§ **PROBLEM STATEMENT**:
Set the pictures aside and transcribe exactly the lines from the one containing "Buy Bungalow in" through the final line of the records.

————

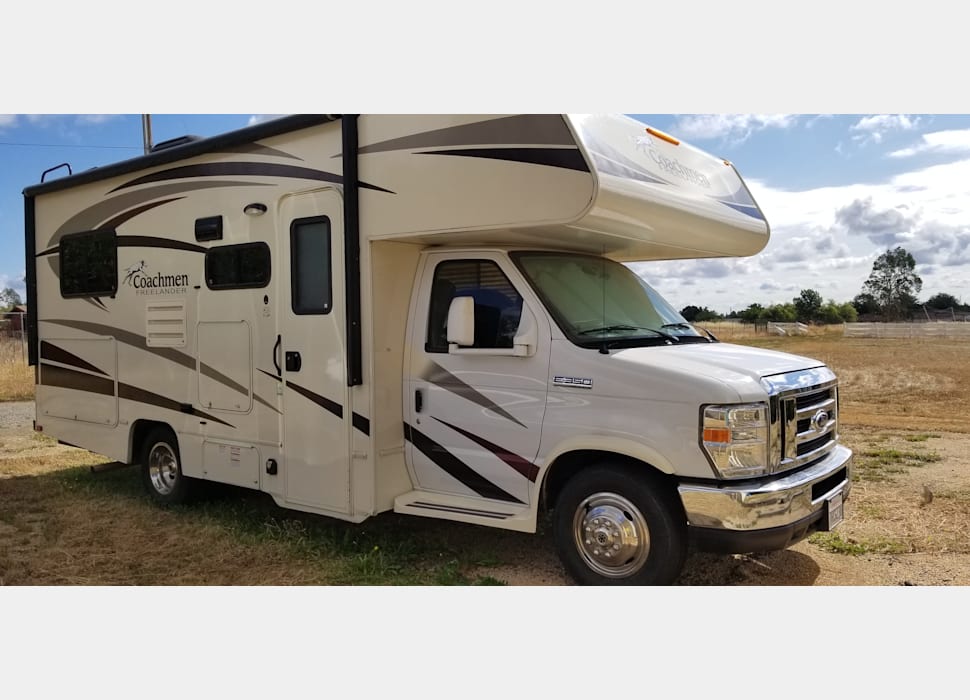Class C Motor Home rentals in Sacramento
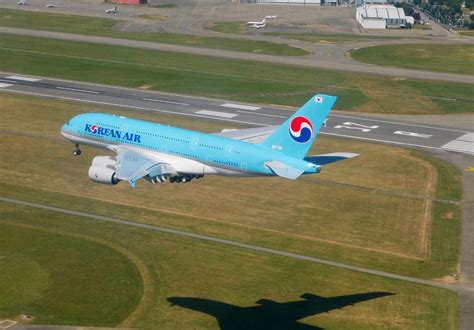 Delta and Korean Air aircraft parked at Incheon Airport, reflecting Asia-Pacific expansion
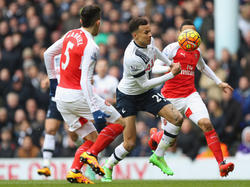 Tottenhams Dele Alli lässt den Arsenal-Kicker Gabriel Paulista (l.) stehen (05.03.2016).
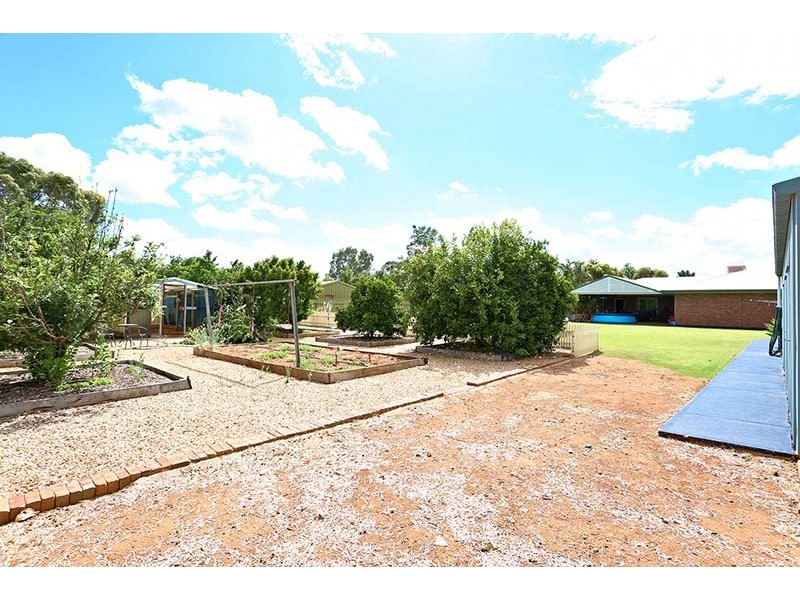 5 Whitelaws Court, Angle Vale SA 5117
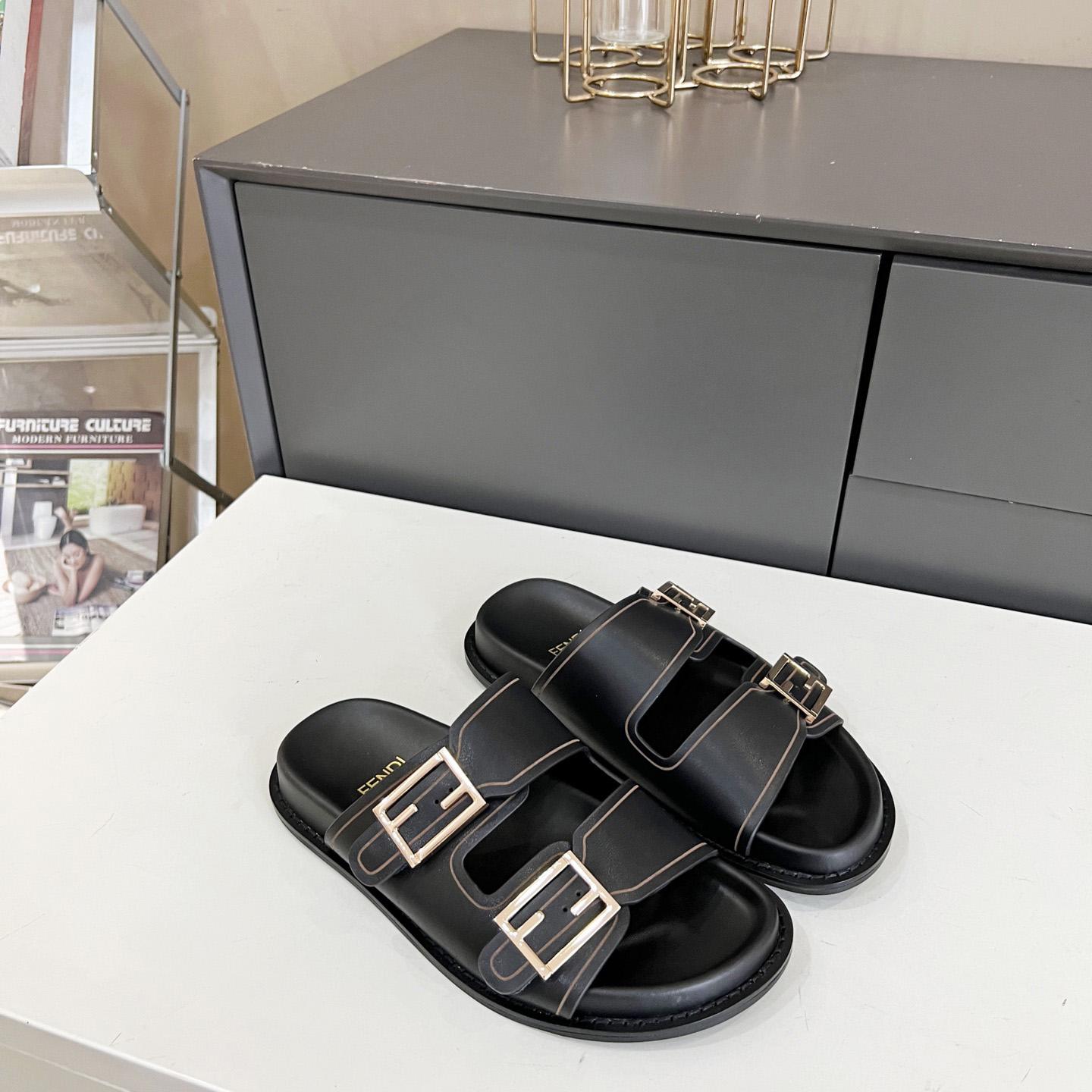Fendi Feel Black Leather Slides - DesignerGu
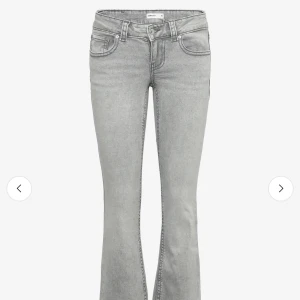 Perfect jeans från Gina  - Snygga grå bootcut jeans från Gina tricot. Använda men jätte bra skick. Säljer pga blivit för lång 💗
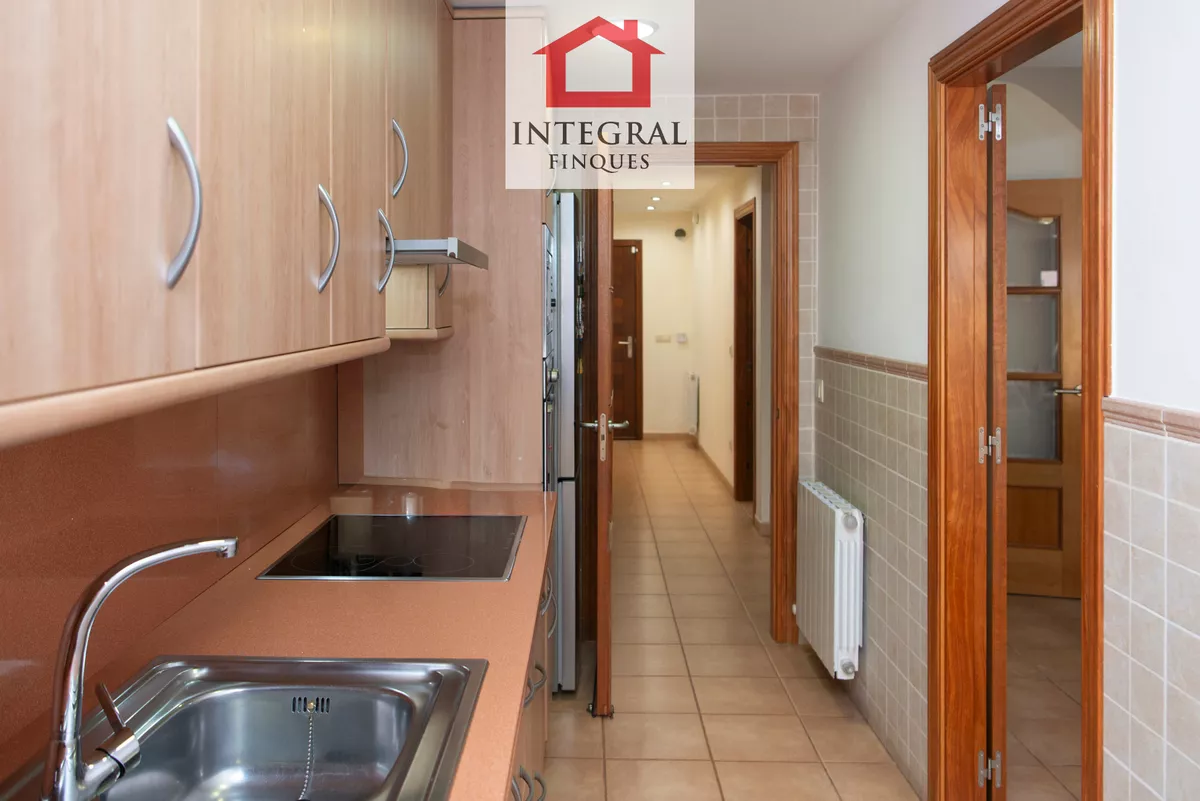CASA CON TERRAZA Y GARAJE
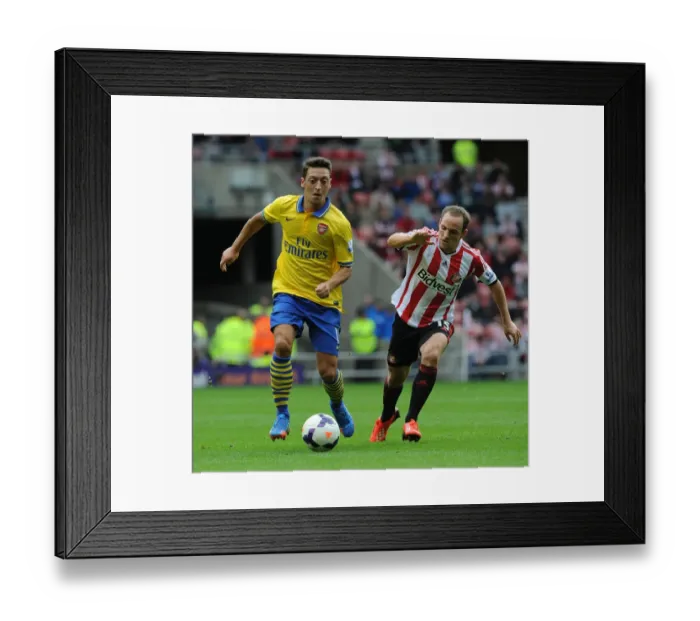 Framed Print : Mesut Ozil Outpaces David Vaughan: Sunderland vs. Arsenal, Premier League 2013-14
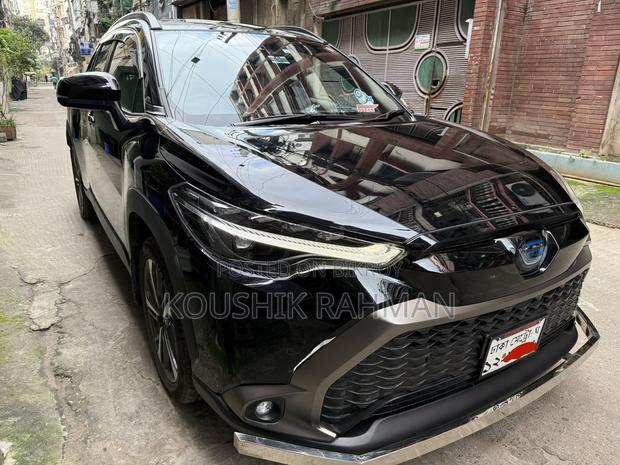 Toyota Corolla Cross 1.8 Hybrid AWD 2022 Black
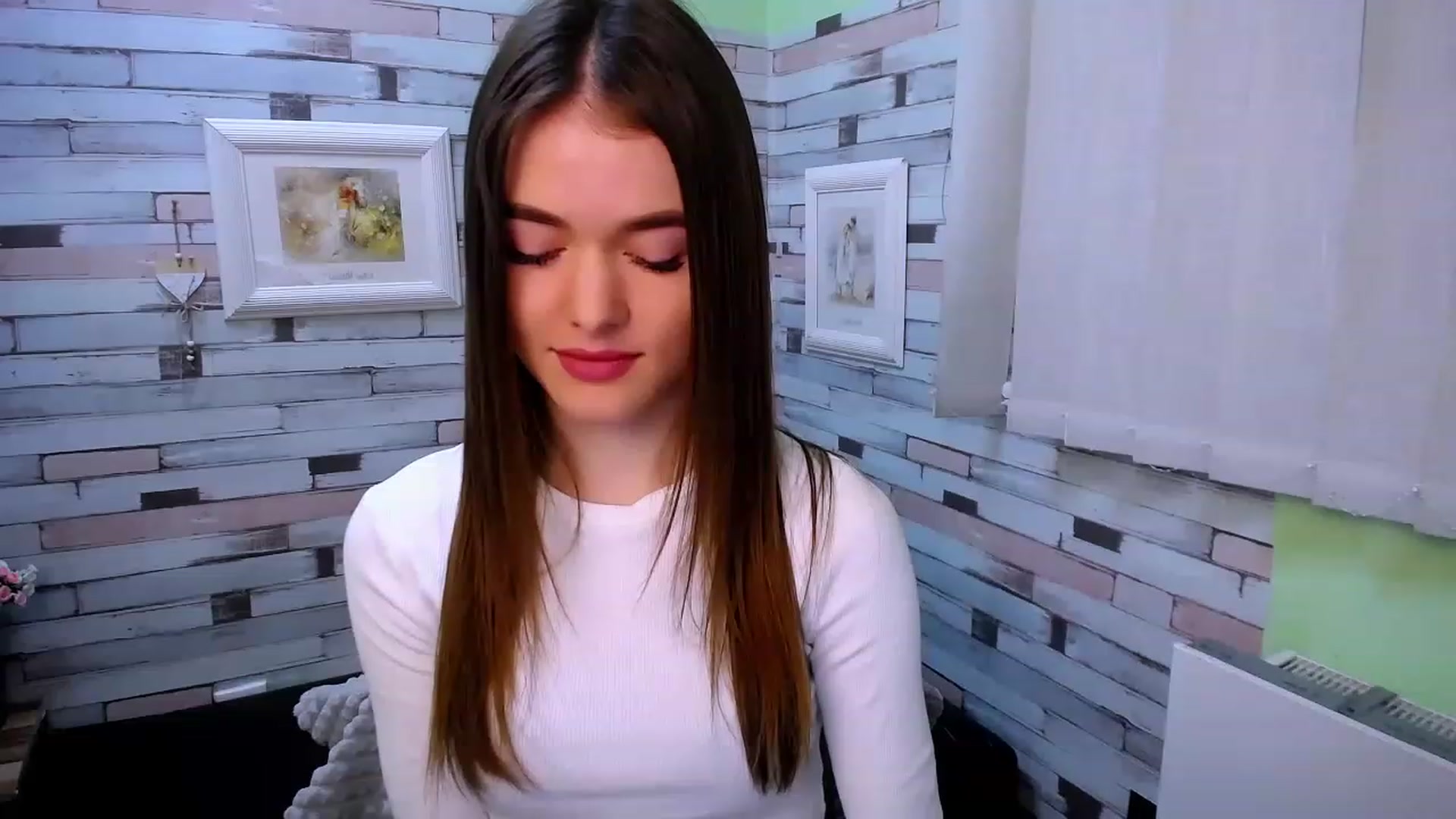 Gallery image thumbnail from Mili_Sky_'s myfreecams stream on, 01/23/2023, 11:22 image 16 of 20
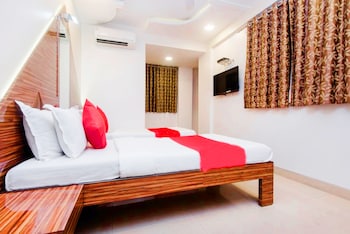 hotel new elite inn hostel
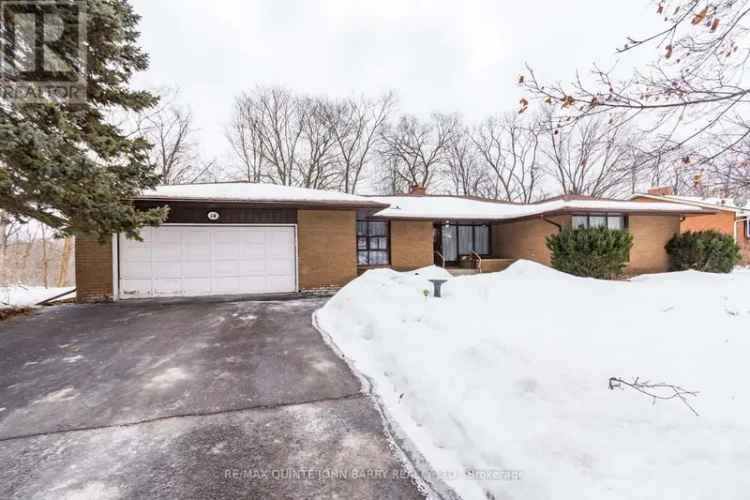 Buy Bungalow in Quinte with 4 Bedrooms and Spacious Living Areas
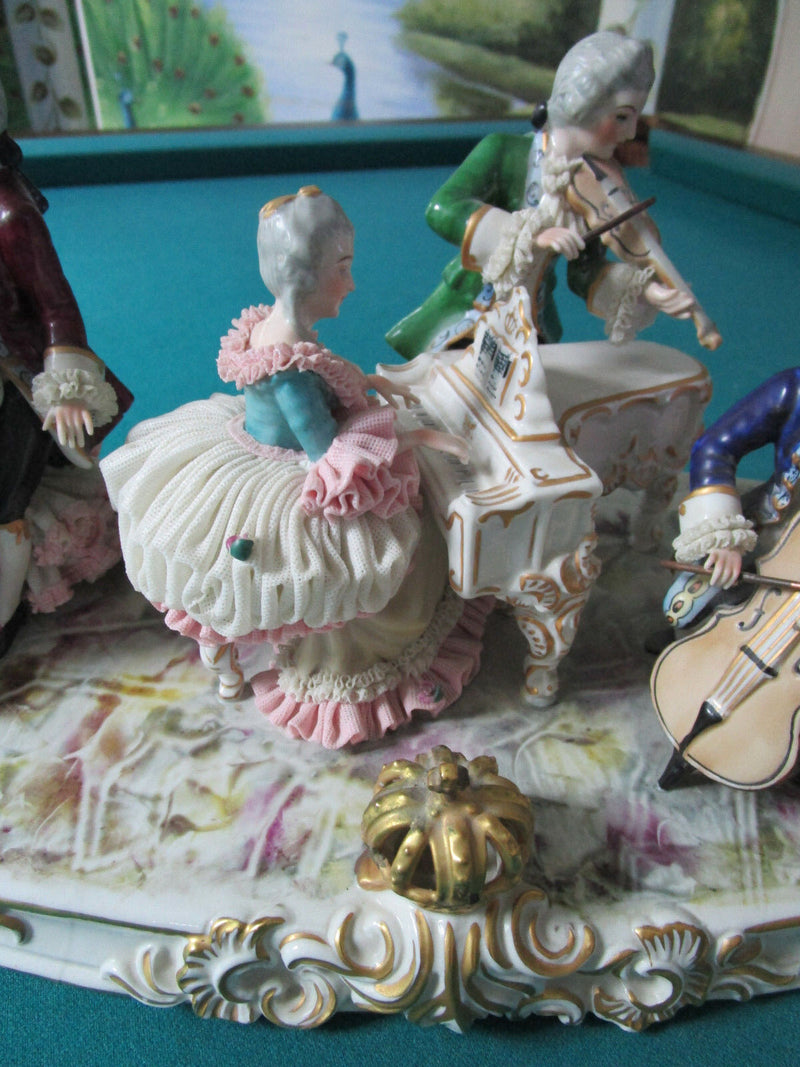 Moritz Zdekauer Monumental Figural Piece Dresden Style Dresses  20”  Great Condi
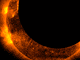 太陽に月、地球に影　人工衛星がとらえた日食写真、JAXAが公開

————

§ **RESPONSE**:
 Buy Bungalow in Quinte with 4 Bedrooms and Spacious Living Areas
 Moritz Zdekauer Monumental Figural Piece Dresden Style Dresses  20”  Great Condi
 太陽に月、地球に影　人工衛星がとらえた日食写真、JAXAが公開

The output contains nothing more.